For the majority of the 30 million years that baleen whales (the blue whale is one) have occupied the Earth, the mammals usually topped off at roughly 30 feet in length. It wasn’t until about 3 million years ago that the clade of whales experienced an evolutionary growth spurt, tripling in size. And scientists haven’t had any concrete idea why, Wired reports.

A study published in the journal Proceedings of the Royal Society B might help change that. Researchers examined fossil records and studied phylogenetic models (evolutionary relationships) among baleen whales, and found some evidence that climate change may have been the catalyst for turning the large animals into behemoths.

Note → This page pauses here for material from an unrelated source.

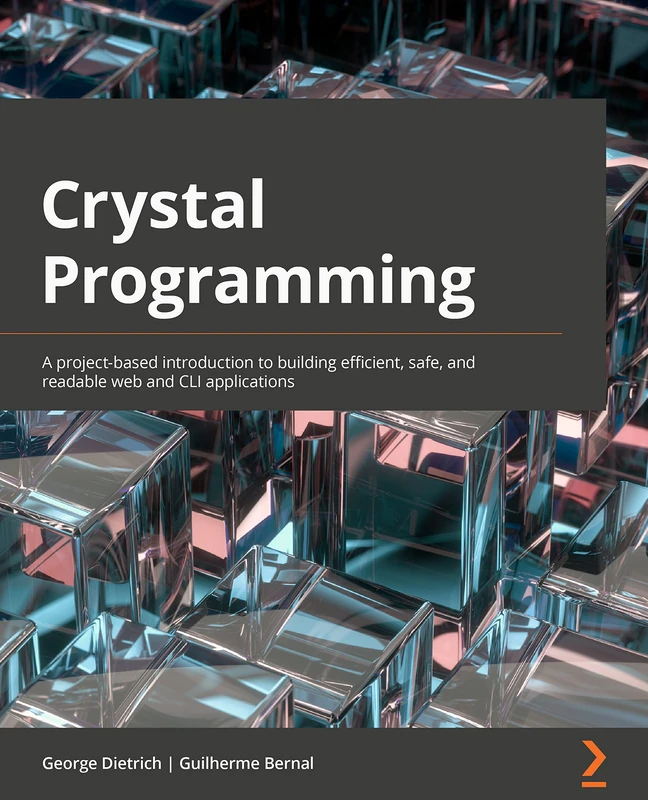 Crystal Programming: A project-based introduction to building efficient, safe, and readable web and CLI applications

As the ice ages wore on and oceans were receiving nutrient-rich runoff, the whales encountered an increasing number of krill—the small, shrimp-like creatures that provided a food source—resulting from upwelling waters. The more they ate, the more they grew, and their bodies adapted over time. Their mouths grew larger and their fat stores increased, helping them to fuel longer migrations to additional food-enriched areas. Today blue whales eat up to four tons of krill every day.

If climate change set the ancestors of the blue whale on the path to its enormous size today, the study invites the question of what it might do to them in the future. Changes in ocean currents or temperature could alter the amount of available nutrients to whales, cutting off their food supply. With demand for whale oil in the 1900s having already dented their numbers, scientists are hoping that further shifts in their oceanic ecosystem won’t relegate them to history.